Dienstag, 28. April. Vor genau einem Jahr um diese Zeit befand ich mich inmitten von pompösen Hotels, bunten Casinos und Leuchtreklamen: Las Vegas, Nevada. Die Menschen bewegten sich dicht aneinander gedrängt in den Straßen – und maskiert waren lediglich die werbenden Maskottchen unterschiedlicher Nachtclubs…

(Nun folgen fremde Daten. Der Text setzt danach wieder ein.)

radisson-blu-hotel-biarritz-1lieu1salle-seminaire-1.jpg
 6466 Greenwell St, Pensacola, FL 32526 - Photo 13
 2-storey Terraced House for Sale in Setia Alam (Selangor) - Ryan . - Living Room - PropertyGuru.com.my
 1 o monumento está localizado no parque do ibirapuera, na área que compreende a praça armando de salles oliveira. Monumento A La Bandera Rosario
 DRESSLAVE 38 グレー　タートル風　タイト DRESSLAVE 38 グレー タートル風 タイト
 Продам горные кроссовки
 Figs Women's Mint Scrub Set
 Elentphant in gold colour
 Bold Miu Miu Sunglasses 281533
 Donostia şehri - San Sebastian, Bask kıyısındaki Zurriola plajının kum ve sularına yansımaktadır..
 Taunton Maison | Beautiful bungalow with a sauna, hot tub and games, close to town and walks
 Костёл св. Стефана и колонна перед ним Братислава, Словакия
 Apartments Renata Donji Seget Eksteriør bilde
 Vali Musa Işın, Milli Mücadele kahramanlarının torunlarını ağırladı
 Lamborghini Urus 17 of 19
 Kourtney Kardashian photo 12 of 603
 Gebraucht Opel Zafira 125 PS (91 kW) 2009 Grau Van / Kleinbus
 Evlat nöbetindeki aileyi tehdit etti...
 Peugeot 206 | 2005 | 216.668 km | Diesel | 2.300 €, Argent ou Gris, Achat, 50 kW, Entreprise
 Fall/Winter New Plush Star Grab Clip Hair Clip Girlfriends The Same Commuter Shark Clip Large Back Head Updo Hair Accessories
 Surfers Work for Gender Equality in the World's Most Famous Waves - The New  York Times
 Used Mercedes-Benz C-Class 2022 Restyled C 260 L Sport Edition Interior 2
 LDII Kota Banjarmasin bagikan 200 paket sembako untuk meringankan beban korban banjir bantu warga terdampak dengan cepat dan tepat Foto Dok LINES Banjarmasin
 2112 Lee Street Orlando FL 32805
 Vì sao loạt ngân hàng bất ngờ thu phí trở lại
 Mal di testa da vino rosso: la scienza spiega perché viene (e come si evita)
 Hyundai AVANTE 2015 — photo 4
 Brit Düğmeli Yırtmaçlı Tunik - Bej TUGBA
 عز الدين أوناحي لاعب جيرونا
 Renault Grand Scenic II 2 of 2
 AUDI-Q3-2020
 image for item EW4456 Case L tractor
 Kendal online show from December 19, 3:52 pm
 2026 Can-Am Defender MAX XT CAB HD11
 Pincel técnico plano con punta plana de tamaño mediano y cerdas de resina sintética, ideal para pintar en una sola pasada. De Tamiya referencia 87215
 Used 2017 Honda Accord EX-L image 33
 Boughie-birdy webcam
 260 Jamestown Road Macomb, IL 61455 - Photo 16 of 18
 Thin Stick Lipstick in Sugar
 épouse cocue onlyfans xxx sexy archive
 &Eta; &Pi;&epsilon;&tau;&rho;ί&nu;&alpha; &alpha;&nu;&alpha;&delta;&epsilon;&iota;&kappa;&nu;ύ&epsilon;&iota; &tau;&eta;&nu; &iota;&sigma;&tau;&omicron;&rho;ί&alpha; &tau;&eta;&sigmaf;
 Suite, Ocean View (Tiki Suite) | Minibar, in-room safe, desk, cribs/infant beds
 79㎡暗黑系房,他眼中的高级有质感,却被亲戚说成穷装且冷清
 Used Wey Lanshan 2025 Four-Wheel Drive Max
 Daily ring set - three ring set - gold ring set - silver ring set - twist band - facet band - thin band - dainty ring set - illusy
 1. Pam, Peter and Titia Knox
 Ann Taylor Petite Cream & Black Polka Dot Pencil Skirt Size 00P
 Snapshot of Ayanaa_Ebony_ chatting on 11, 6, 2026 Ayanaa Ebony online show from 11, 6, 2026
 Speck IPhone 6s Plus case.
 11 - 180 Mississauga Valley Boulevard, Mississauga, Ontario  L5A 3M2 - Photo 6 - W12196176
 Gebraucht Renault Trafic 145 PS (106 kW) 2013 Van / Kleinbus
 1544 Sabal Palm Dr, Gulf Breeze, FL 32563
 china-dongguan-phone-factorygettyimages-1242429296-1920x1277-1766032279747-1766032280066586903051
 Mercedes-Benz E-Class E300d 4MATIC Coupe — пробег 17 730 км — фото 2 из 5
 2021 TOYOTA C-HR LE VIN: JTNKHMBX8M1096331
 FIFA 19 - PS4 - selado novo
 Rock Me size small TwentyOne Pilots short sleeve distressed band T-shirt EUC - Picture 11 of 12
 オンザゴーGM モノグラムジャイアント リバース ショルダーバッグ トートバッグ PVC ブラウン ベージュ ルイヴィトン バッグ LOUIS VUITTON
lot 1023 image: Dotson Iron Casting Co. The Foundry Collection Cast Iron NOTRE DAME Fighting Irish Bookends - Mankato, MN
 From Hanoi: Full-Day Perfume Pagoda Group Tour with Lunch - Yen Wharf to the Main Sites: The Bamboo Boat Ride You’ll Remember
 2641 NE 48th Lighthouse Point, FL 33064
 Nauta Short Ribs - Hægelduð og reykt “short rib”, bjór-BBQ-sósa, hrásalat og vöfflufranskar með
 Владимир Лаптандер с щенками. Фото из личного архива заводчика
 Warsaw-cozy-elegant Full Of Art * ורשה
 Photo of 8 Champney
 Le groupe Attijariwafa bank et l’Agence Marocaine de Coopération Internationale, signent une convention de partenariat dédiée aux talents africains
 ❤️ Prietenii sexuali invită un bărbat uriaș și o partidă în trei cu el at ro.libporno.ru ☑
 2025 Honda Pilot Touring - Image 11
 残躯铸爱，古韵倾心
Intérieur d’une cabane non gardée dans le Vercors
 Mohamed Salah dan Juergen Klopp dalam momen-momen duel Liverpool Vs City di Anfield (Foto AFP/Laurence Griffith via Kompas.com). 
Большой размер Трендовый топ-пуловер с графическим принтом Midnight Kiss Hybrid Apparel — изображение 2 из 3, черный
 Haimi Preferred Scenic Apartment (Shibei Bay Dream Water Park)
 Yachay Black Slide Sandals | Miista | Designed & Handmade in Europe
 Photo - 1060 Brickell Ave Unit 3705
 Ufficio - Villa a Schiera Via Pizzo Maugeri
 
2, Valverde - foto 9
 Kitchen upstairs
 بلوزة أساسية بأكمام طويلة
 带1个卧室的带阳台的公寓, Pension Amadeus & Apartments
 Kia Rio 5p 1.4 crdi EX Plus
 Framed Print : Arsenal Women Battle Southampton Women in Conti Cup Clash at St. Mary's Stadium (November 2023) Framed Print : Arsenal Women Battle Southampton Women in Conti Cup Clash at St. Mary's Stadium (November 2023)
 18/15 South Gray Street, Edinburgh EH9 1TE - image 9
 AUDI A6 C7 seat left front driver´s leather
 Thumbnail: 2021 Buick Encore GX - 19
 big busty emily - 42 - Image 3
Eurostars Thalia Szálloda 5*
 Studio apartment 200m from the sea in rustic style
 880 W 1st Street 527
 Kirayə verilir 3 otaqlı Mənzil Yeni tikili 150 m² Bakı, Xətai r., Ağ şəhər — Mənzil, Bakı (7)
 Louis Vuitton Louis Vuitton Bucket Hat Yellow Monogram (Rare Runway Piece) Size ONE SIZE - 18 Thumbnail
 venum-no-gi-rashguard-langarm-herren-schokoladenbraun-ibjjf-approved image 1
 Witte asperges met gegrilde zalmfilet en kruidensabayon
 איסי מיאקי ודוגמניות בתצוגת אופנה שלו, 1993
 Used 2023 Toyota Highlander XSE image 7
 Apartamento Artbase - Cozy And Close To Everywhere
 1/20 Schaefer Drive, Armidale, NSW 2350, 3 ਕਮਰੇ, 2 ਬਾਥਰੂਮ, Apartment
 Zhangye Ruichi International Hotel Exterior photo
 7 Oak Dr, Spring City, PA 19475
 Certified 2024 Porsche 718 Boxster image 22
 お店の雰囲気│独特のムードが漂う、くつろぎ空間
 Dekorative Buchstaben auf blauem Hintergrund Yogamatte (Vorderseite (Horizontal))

366 Tage später (und rund 9.300 Kilometer Luftlinie entfernt) sieht die Welt ganz anders aus. Natürlich war mir bewusst, dass mein Geburtstag dieses Jahr anders verlaufen würde als in der glitzernden Scheinwelt Nevadas. Denn auch wenn Passaus Fußgängerzone zweifelsfrei dem bekannten Las Vegas Strip zum Verwechseln ähnelt und die Anzahl der Hochhäuser in beiden Städten nahezu identisch ist, schwebte mir eher ein gemütlicher Bar-Abend mit Freunden vor. Vielleicht auch ein gemeinschaftliches Grillen in der Sonne. Jedenfalls beinhalteten meine Pläne noch vor einigen Wochen weder den Verzicht auf reale Treffen noch die vielen, mich bedauernden Nachrichten (die tatsächlich nicht mein Alter betrafen!)…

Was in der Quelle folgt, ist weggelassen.